We have all experienced this feeling at a point in time. Being lost is part of our life journey, is a necessity in our initiatic trajectory to discovering our life purpose.
What makes my journey worth being laid out on paper, is the turning point in which, being lost, has become a choice, a choice that gifted me unthinkable experiences, breathtaking views, mind gripping stories, and an addiction I don’t want to be cured of.
As many, I have been cruising trough life, without having a clue if I am heading anywhere or if I even belong to any specific place. I just left myself carried by the waves of destiny, hopping that someday, I will be stroked by an “Eureka” moment and have my life set up, my life-goals bullet-pointed, and my road laid out in front of my sore feet, ready to GO.
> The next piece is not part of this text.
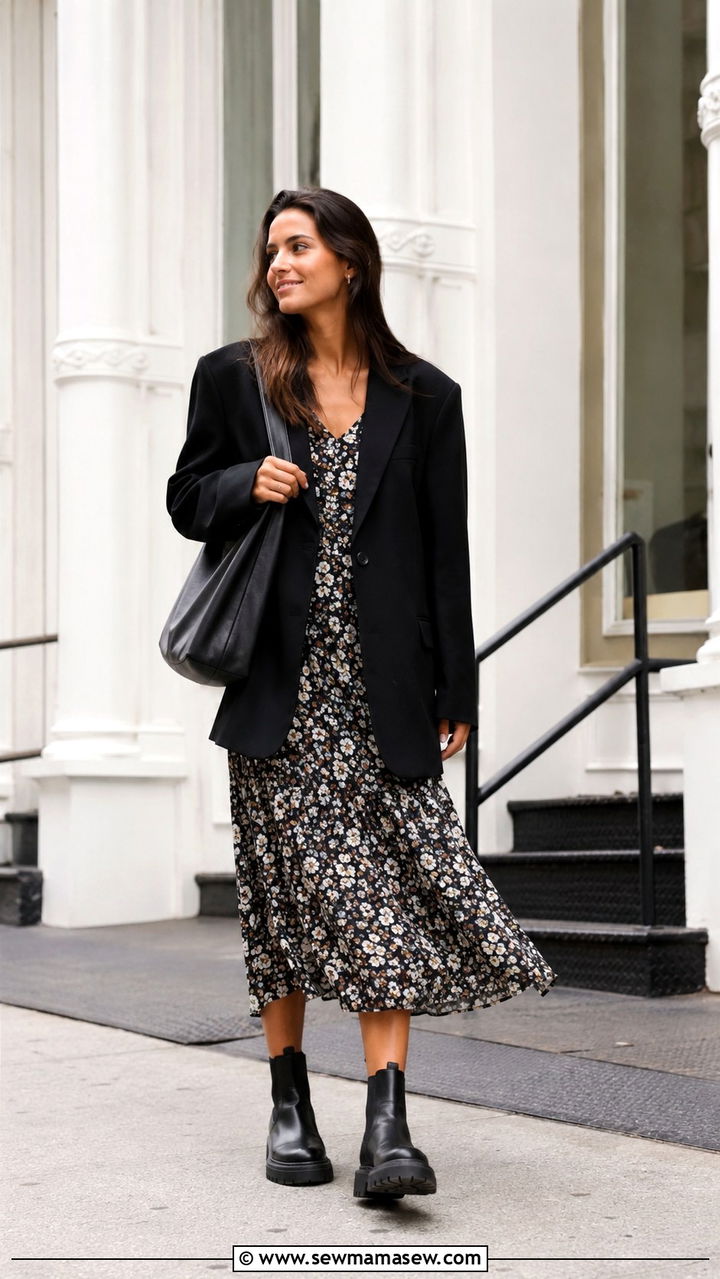 Midi dress with chunky Chelsea boots - 25 Midi dress with ankle boots outfit ideas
But I waited and waited, and waited some more, until the muddy, agitated waters of my life, forced me to swim. I was still lost, I didn’t knew where I am heading, but at least, I was going somewhere; And somewhere is always better than nowhere!
I swam and swam, the wave were still rough, but the water became clearer, until the point in which I could see around myself. For the first time in years I forgot to pity myself and payed attention at my surroundings.
Was then when I realized that even though I may possibly not be able to shout “Land” anytime soon, at least I can enjoy a good snorkeling.
The same place I was drowning myself into, was now the paradise which was injecting its beauty trough my veins.
This is how, three years ago, I decided to dismiss the fact that I have to reach anywhere, and decided to ” Remain Lost”
Lost in a flavored pot of Humanity and Culture; Lost in my own discoveries!!